Dataset entries:
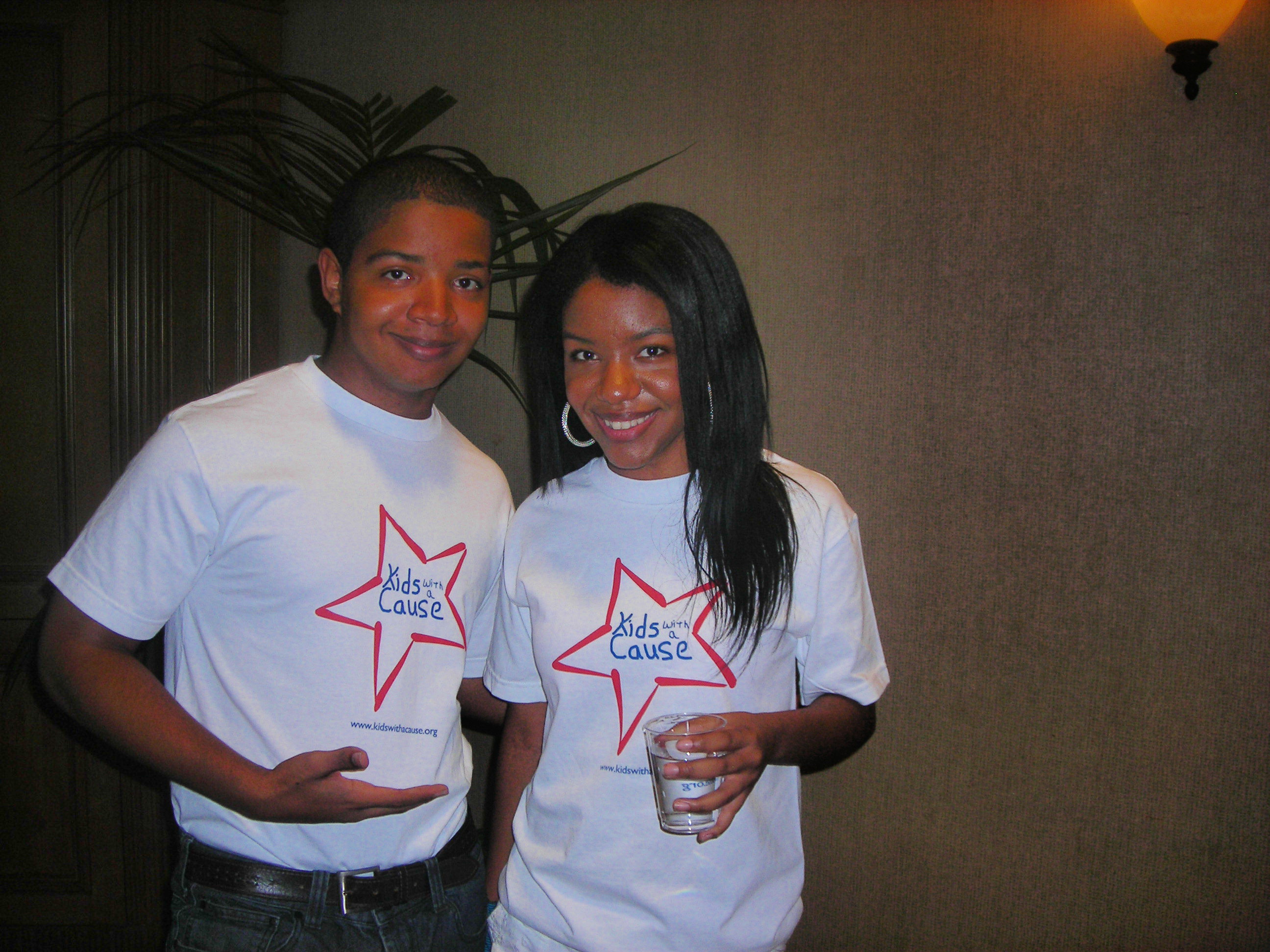 2uneek_kidswithaCause_pic1.jpg
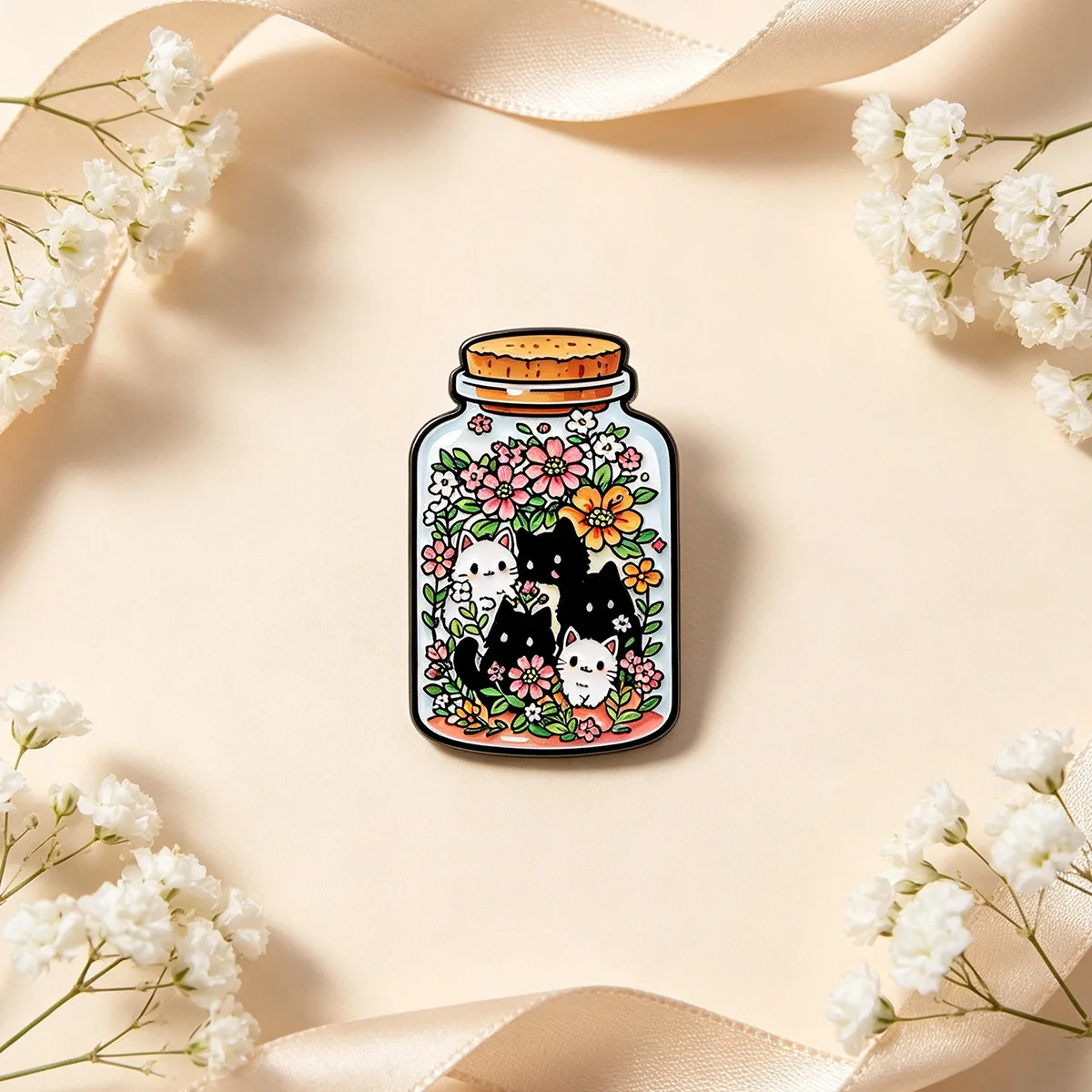 Broche metálico con diseño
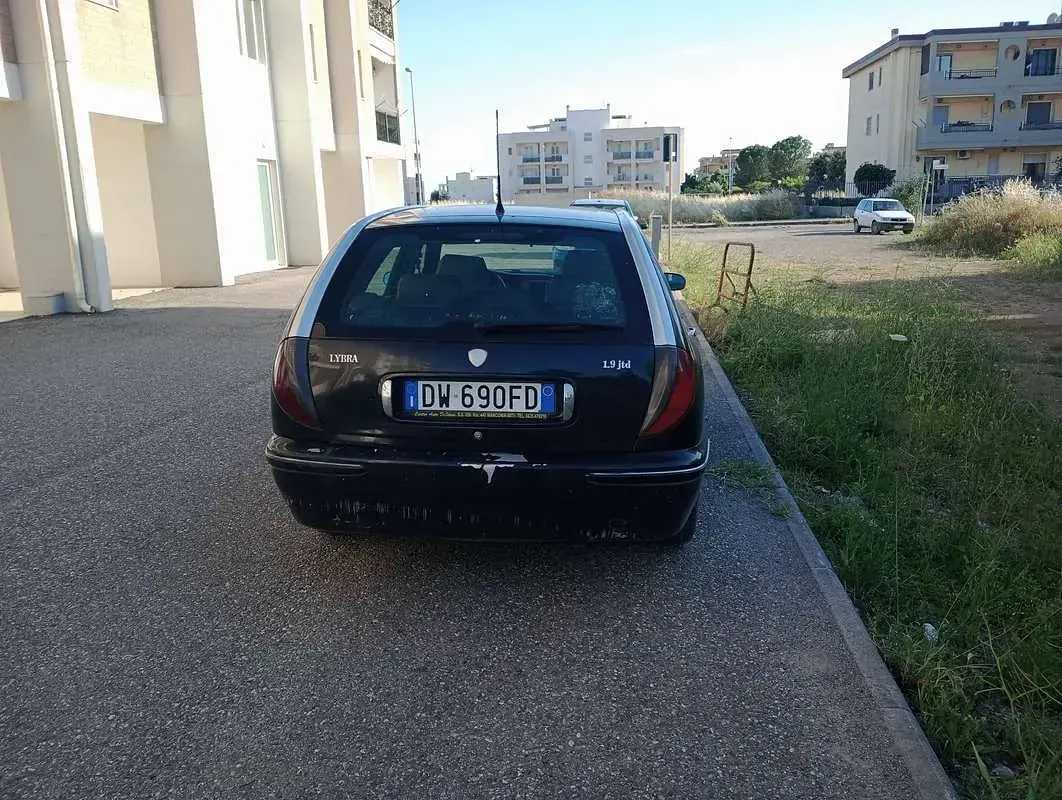 Usata Lancia Lybra 116 CV (85 kW) 2001 Nero Station wagon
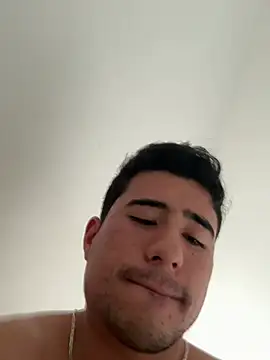 David-latinlover online show from May 4, 2026, 6:11 pm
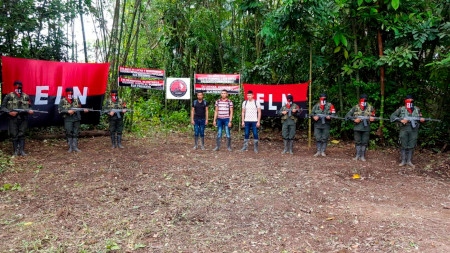 Tre colombianska soldater (i civila kläder) frigavs den 5 september av ELN-gerillan i Arauca.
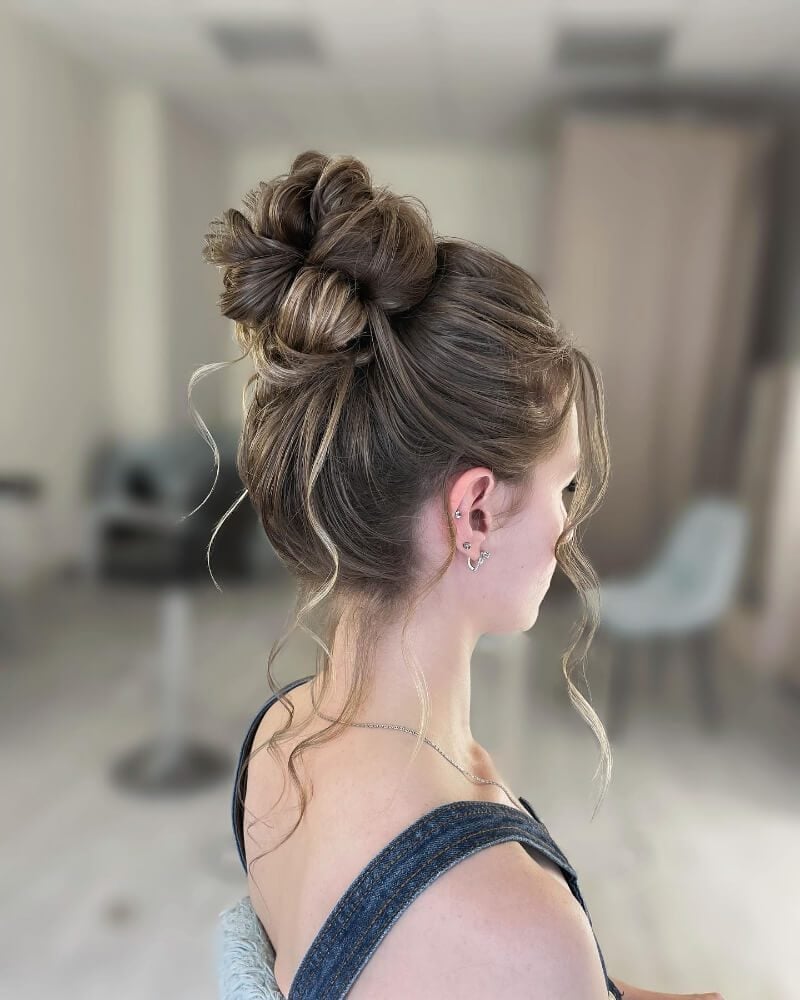 Ash Blonde Messy Bun With Face-Framing Tendrils — Classy Messy Bun Outfit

About this exercise: Please transcribe, word for word, every line from the one containing "Broche metálico con diseño" through the last line of the records, both included, and leave the pictures out.

Reply to the task:
 Broche metálico con diseño
 Usata Lancia Lybra 116 CV (85 kW) 2001 Nero Station wagon
 David-latinlover online show from May 4, 2026, 6:11 pm
 Tre colombianska soldater (i civila kläder) frigavs den 5 september av ELN-gerillan i Arauca.
 Ash Blonde Messy Bun With Face-Framing Tendrils — Classy Messy Bun Outfit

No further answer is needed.